A mente di tale disposizione tutti i ricorsi devono essere trattati dalla Corte di cassazione in camera di consiglio, senza la partecipazione del procuratore generale e dei difensori, con esclusione, tra gli altri, di quelli, relativi a sentenze pronunciate nel dibattimento, per i quali il successivo comma 1-bis prevede la facoltà delle parti di richiedere la trattazione in pubblica udienza disciplinata dall'art. 614 cod. proc. pen. “entro il termine perentorio di venticinque giorni liberi prima dell'udienza”.

E' pacifico che nel computo dei “giorni liberi” vanno esclusi il "dies a quo" nonché il "dies ad quem" (Sez. 3, n. 30333 del 23/04/2021, Altea, Rv. 281726 – 01; Sez. 2, n. 15718 del 01/03/2023, Russo, Rv. 284499 – 01).

Ne segue che nel presente giudizio, in cui l'udienza è stata fissata per il 10 dicembre 2024 con successiva comunicazione alle parti, il deposito telematico dell'istanza di trattazione orale in pubblica udienza doveva essere eseguito entro il 14 novembre; l'istanza nell'interesse degli imputati, invece, è stata depositata il giorno 15 novembre 2024.

2. Il primo motivo dei ricorsi di B.O. e di C.E.S.I. non è fondato.

Risulta dagli atti che una delle due persone offese, F.O., è stata esaminata mediante audizione “da remoto”, precisamente tramite videocollegamento con il Tribunale tedesco di Magonza, nonostante il difensore degli imputati non avesse prestato il consenso, ma anzi ripetutamente espresso il suo motivato dissenso.

Sostengono i ricorrenti, reiterando le deduzioni già espresse nel corso delle udienze dibattimentali, prima e dopo l'audizione, nonché con l'atto di appello, che il mezzo istruttorio è stato assunto in violazione delle norme del codice di rito in tema di testimonianza, che tale violazione ne ha determinato la nullità e che, comunque, il risultato probatorio acquisito con la deposizione è inutilizzabile.

In ogni caso, l'ordinanza che ha ammesso l'audizione “a distanza” ha giustificato la scelta di tale peculiare modalità con argomentazioni disallineate rispetto ai presupposti previsti per derogare all'esame “in presenza” dalla normativa di riferimento ed in particolare dagli artt. 14, comma 2, d.lgs. n. 52 del 2017 dalle disposizioni contenute nella legge n. 88 del 2019.

L'assunto non è condivisibile sia pure per ragioni parzialmente diverse da quelle esplicitate nella sentenza impugnata.

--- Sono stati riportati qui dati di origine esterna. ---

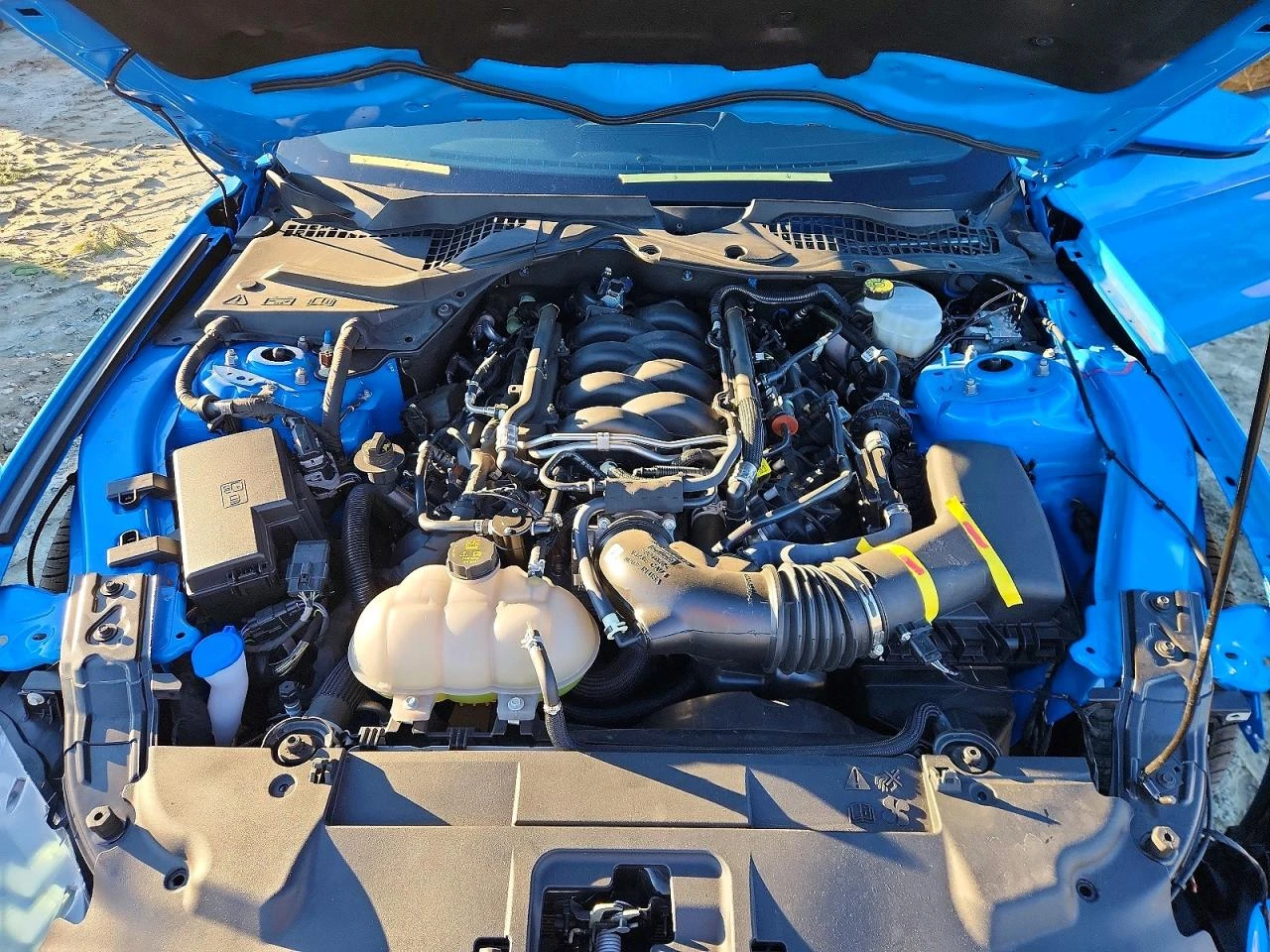 Ford Mustang 5l Gt, снимка 11 - Автомобили и джипове - 53756400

1.1. Il comma 2-bis dell'art. 496 cod. proc. pen., aggiunto dall'art. 30, comma 1, lett. g) d.lgs. n. 150 del 2022 (c.d. riforma "Cartabia"), applicabile nel caso in verifica ratione temporis, dispone: «Salvo che una particolare disposizione di legge preveda diversamente, il giudice può disporre, con il consenso delle parti, che l'esame dei testimoni … si svolga a distanza».

Secondo la nuova disciplina, per l'assunzione della testimonianza a distanza, è sempre necessario, anche se non sufficiente, il consenso delle parti; occorre, infatti, anche una valutazione discrezionale del giudice (“può disporre”).

Il Giudice, qualora ritenga di dare corso all'audizione a distanza, una volta ottenuto il consenso delle parti, deve adottare il decreto motivato previsto dall'art. 133-ter, comma 1, cod. proc. pen.; mentre se non lo ritiene opportuno, nonostante il consenso delle parti, può sempre disporre che l'assunzione della prova avvenga “in presenza”, che, quindi, rimane pur sempre la forma ordinaria di espletamento dell'atto istruttorio.

Il “consenso”, attenendo ad una scelta di natura tecnica, può esser espresso dal solo difensore.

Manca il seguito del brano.